18 May 2018
The impact of premature birth on fathers is unfortunately an under-discussed topic, despite dads feeling just as scared and overwhelmed as their partners. Fathers to premature babies have spoken out about how they felt they couldn’t open up about their feelings. Ben Orrah spoke to the Yorkshire Post about his mental health struggles and being diagnosed with PTSD after the premature birth of his twins.
Stress following the admission of a baby to neonatal care is a common and understandable symptom in both mum and dad; however, the pressure for dads is amplified because fathers of preemies need to go back to work sooner, as well as caring for other children. In addition, dads have the increased worry of having both their partner and their child in the NICU.
In a study published in December 2017 in the Journal of Perinatal and Neonatal Nursing, Dr. Craig Garfield, puts into context what preemie dads go through: “Dad goes from a situation where the baby and mum are cared for by experts in the hospital to having to simultaneously care for his baby, partner and work. He is supposed to be the ‘rock’ for his partner but the stress can really set in.”
Support and Helping Yourself
Preemie fathers don’t always get the support they need.

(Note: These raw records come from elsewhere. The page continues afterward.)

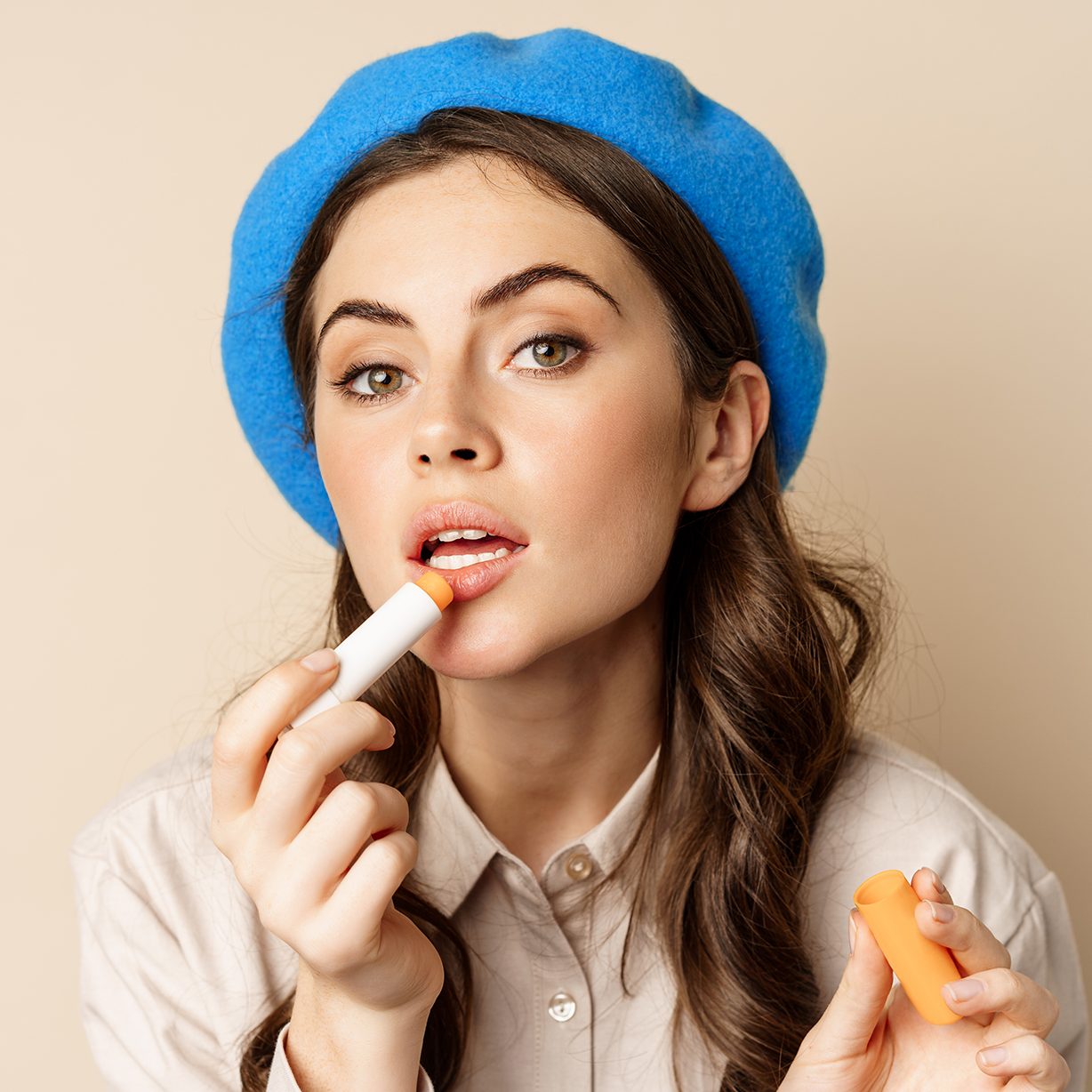 LIP-CARE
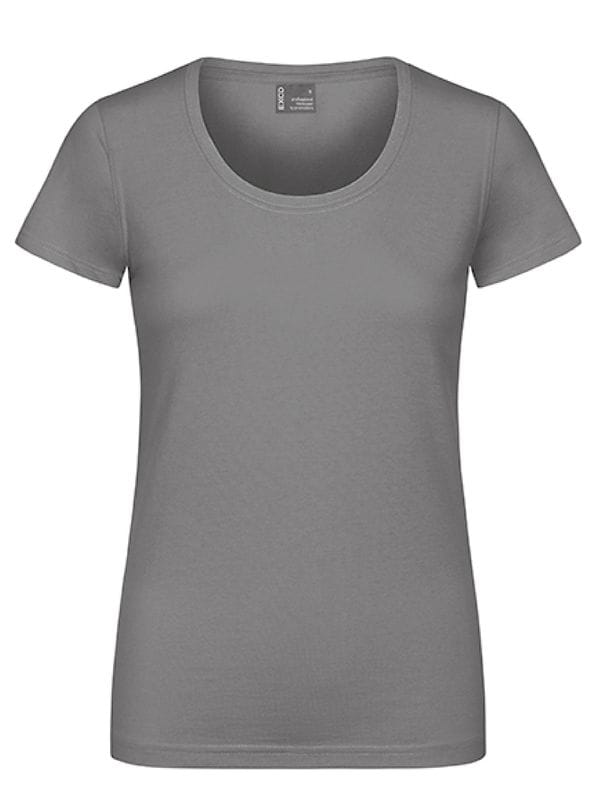 Steel Grey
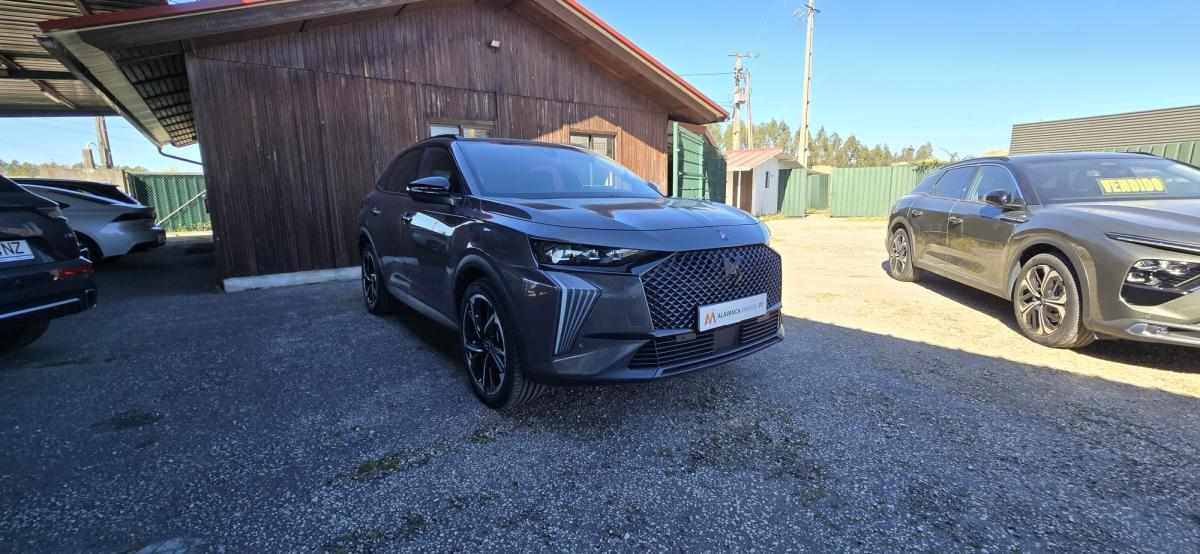 ds-ds-7-crossback-e-tense-4x4-2023-gasolina-1598cc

The below tips could help to make the NICU journey for dads that little bit easier.
1. The roller coaster of emotions: Many parents describe their NICU experience as a roller coaster of emotions. You may feel fearful, anxious and even helpless as you journey down a path that you have no control over. Try to take each day as it comes so you don't feel overwhelmed.
2. Don't keep your emotions bottled up: The birth of a poorly child can put great stress on family relationships. It is important you express and share your feelings with your partner throughout your baby’s neonatal journey so that you can support each other by working together as a team.
3. Seek support: See if your NICU has a support group and consider attending, alternatively, you can find support from other parents online in groups like The Graham’s Foundation. Talking to others who have been through a NICU journey or who are currently in the same situation as you can be very helpful and ease feelings of isolation. Maybe you could arrange a 'Dads' night out with your fellow NICU dads?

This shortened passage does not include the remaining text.